Print the whole listing again exactly as it stands, leaving out any images.

__Dataset extract__.
____

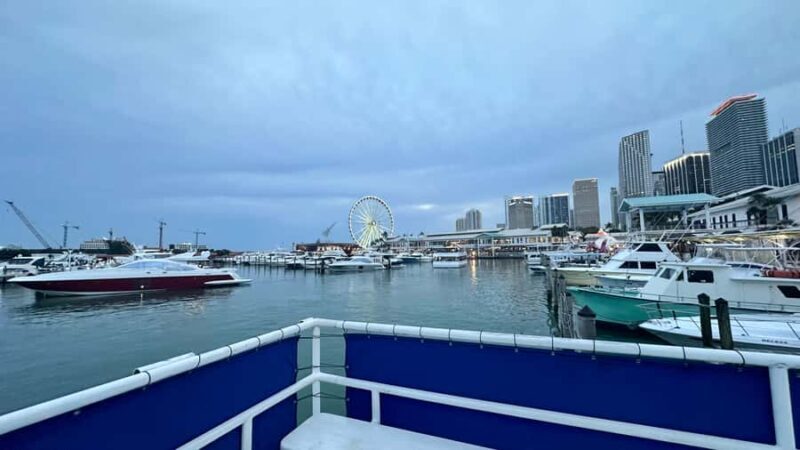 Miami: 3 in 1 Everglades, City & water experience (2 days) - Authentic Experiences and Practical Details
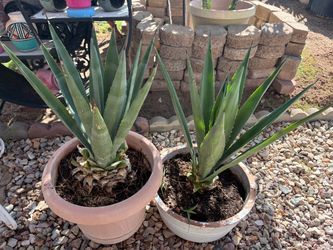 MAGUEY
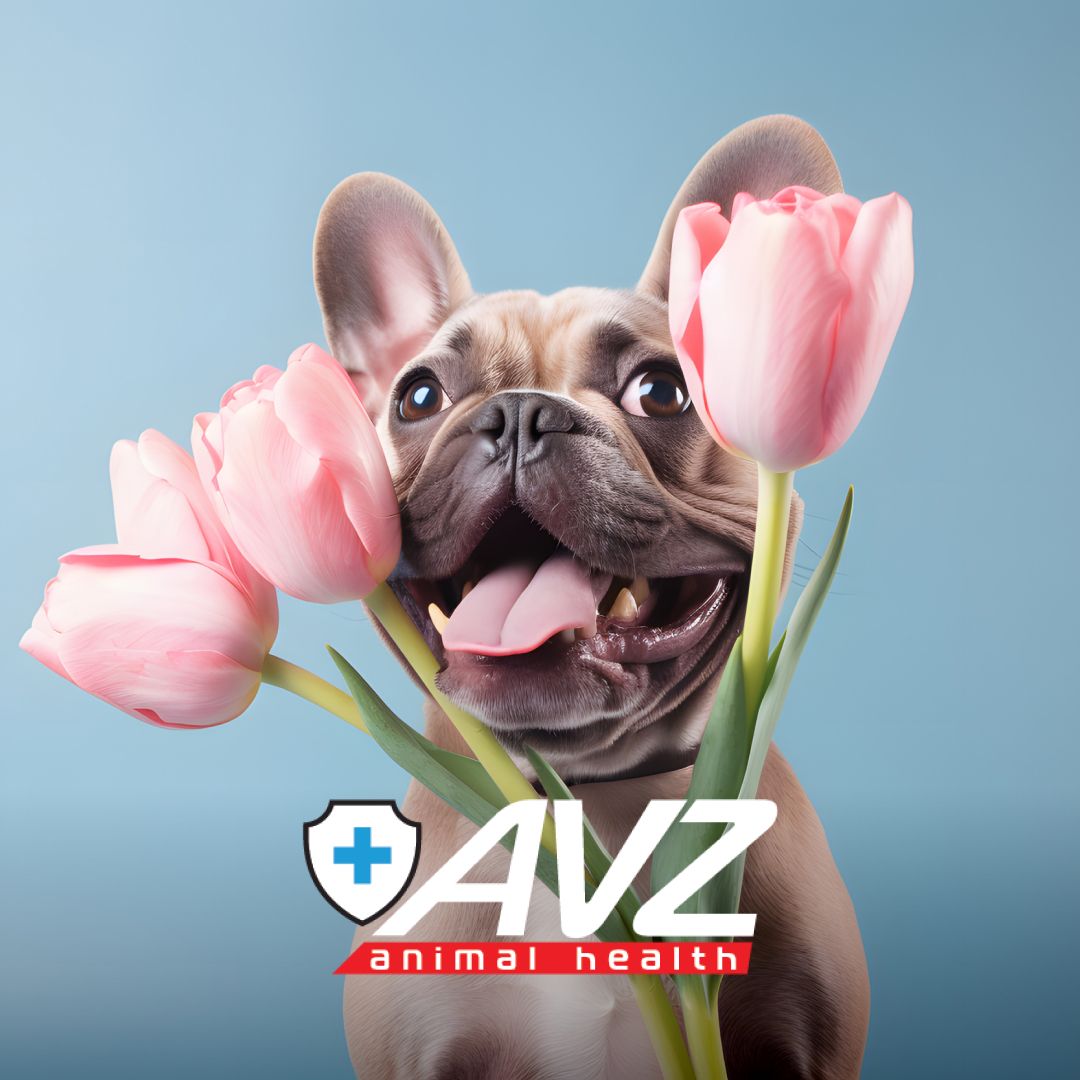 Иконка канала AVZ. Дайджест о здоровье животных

____

__Task response__.
 Miami: 3 in 1 Everglades, City & water experience (2 days) - Authentic Experiences and Practical Details
 MAGUEY
 Иконка канала AVZ. Дайджест о здоровье животных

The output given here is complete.